Bundesliga

Schreuder, Thorup, Wimmer: Stuttgarter Pokerspiele

Mislintat & Co. gehen ins Risiko

Schreuder, Thorup, Wimmer: Stuttgarter Pokerspiele

Michael Wimmer bleibt bis zur Winterpause und ist einer von drei Kandidaten auf den Job als VfB-Chefcoach.

Michael Wimmer bleibt bis zur Winterpause und ist einer von drei Kandidaten auf den Job als VfB-Chefcoach. IMAGO/Team 2

Auf dem harten Boden der Realität gelandet sind sie beim VfB Stuttgart nach dem 0:5 bei Borussia Dortmund am Samstagnachmittag. Nach zwei eindrucksvollen Siegen gegen allerdings auch limitierte Kontrahenten stellt die Pleite beim Favoriten auch die erste Niederlage von Interimstrainer Wimmer dar. Ihn deshalb Hals über Kopf abzuziehen, wäre zweifelsfrei zu kurz gedacht. "Die beiden Male, wo er es unter maximalem Druck machen musste, hat er es sehr gut gemacht", spielt Sven Mislintat auf das 4:1 gegen den VfL Bochum und das 6:0 gegen Arminia Bielefeld an. Der Sportdirektor führte aus, er werde ein 0:5 nicht anders als ein 0:2 bewerten, verwies neben aller Fehleransprache in den eigenen Reihen auch immer wieder auf die offensive Klasse des BVB.

Damit hat Mislintat natürlich nicht Unrecht. Ein schmaler Grat bleibt es trotzdem, der in ihrer Leistungskurve doch von bedenklichen Ausschlägen geprägten VfB-Truppe keine Alibis zu geben à la: Die zögerliche Trainer-Entscheidung verunsichert uns.
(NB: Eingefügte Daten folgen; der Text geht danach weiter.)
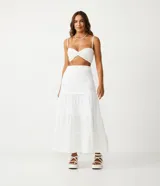 Blusa musculosa cropped blanca de laise texturizado con giro en el busto, tirantes finos ajustables y lastex en la espalda.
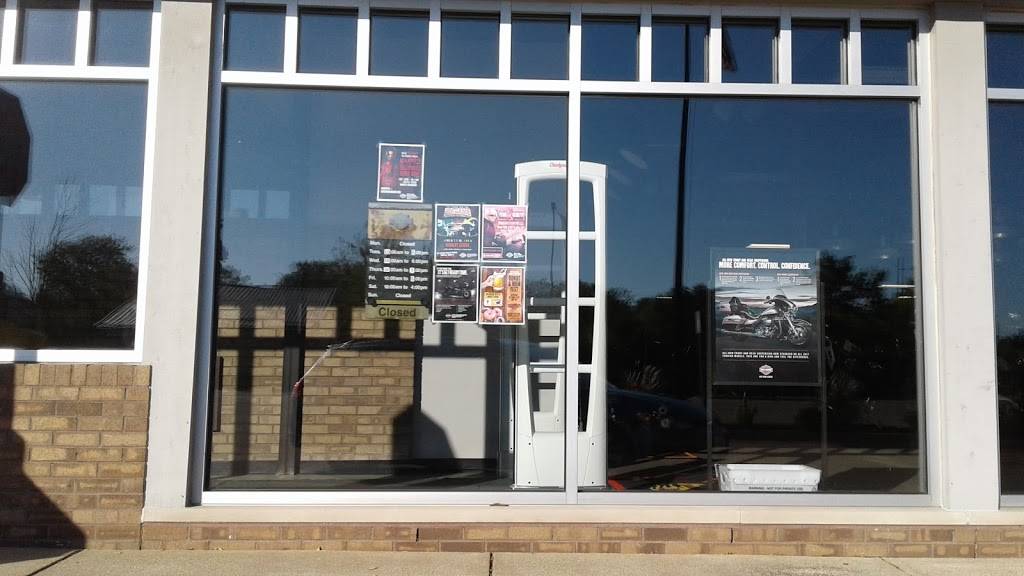 BP | restaurant | 12301 W Michigan Ave, Parma, MI 49269, USA | 5175318800 OR +1 517-531-8800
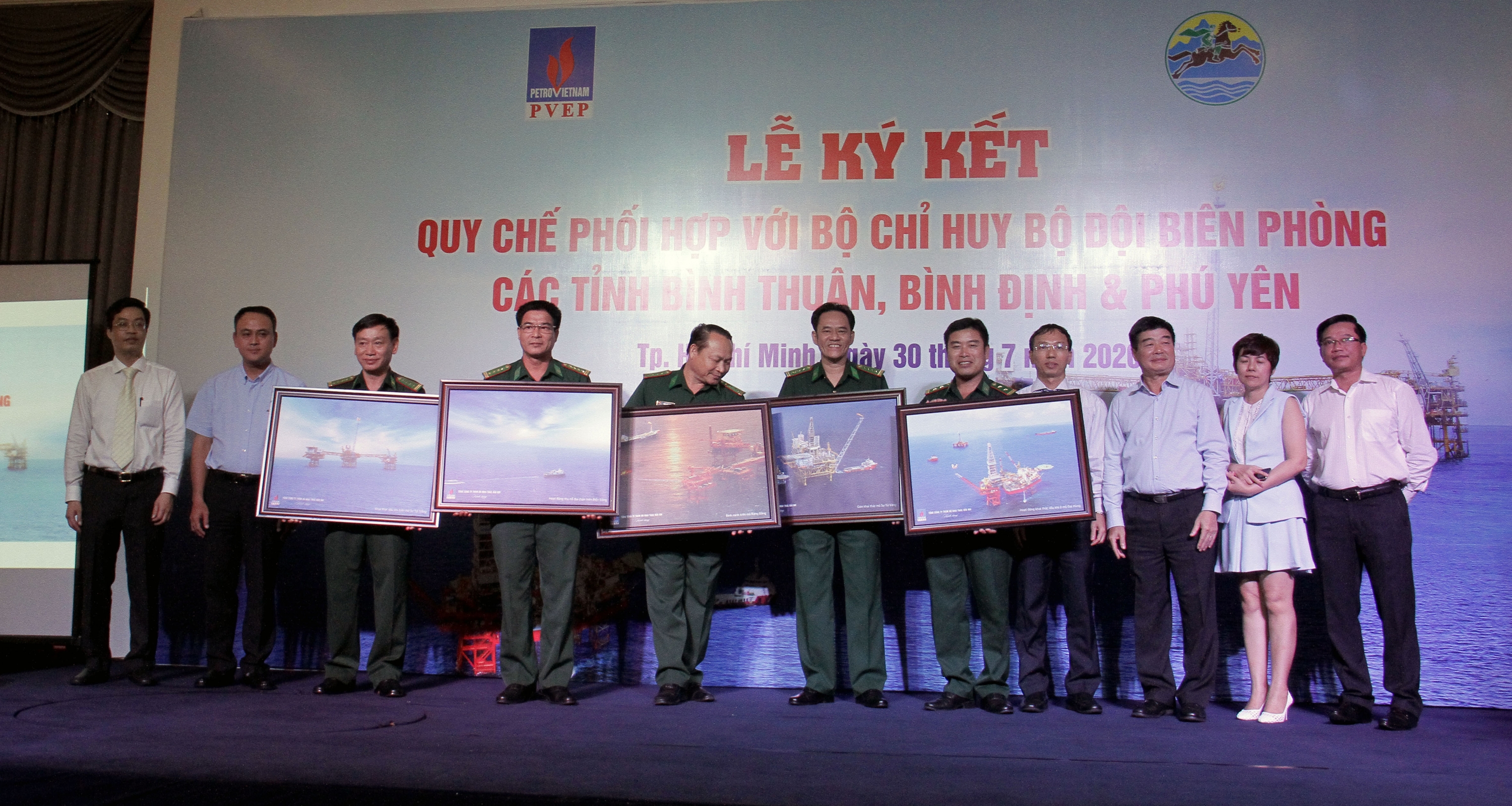 pvep ky ket quy che phoi hop voi bo chi huy bo doi bien phong cac tinh binh thuan binh dinh phu yen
Wimmer, das bestätigte Mislintat am Samstag, bleibt nun "mindestens bis zur Winterpause" Chef. "Dann ist er einer der Kandidaten. Michi kann sich weiter die Chance erspielen, es zu behalten", so der 49-Jährige. Das klang zwischendurch schon einmal anders.

Dabei ist die Entscheidung, nüchtern und fernab aller Emotionalität betrachtet, die so ein 0:5 mit sich bringt, nachvollziehbar. Weil Wimmers Truppe eben zwei von drei Malen funktioniert hat. Ob das auch unter dem freigestellten Pellegrino Matarazzo oder einem per Schnellschuss verpflichteten Feuerwehrmann so gewesen wäre, bleibt hypothetisch.

Mislintat: "Das Risiko, dass jemand nicht mehr verfügbar ist, gehen wir ein"

Dennoch gehen die Schwaben ein erhebliches Risiko ein. Jess Thorup, im September beim FC Kopenhagen entlassen und vor Wochenfrist zu Gesprächen in Stuttgart weilend, könnte sich in der Zwischenzeit ein anderer Klub angeln. Andererseits: Die vorzeitige Trennung soll sich der dänische Meister einiges kosten haben lassen und für Thorup, bislang nur in seiner Heimat und in Belgien als Trainer tätig, wäre die Bundesliga ein sportlicher Aufstieg. "Das Risiko, dass jemand nicht mehr verfügbar ist, gehen wir ein", schilderte der VfB-Sportchef, ohne den Namen Thorup zu bestätigen oder zu dementieren.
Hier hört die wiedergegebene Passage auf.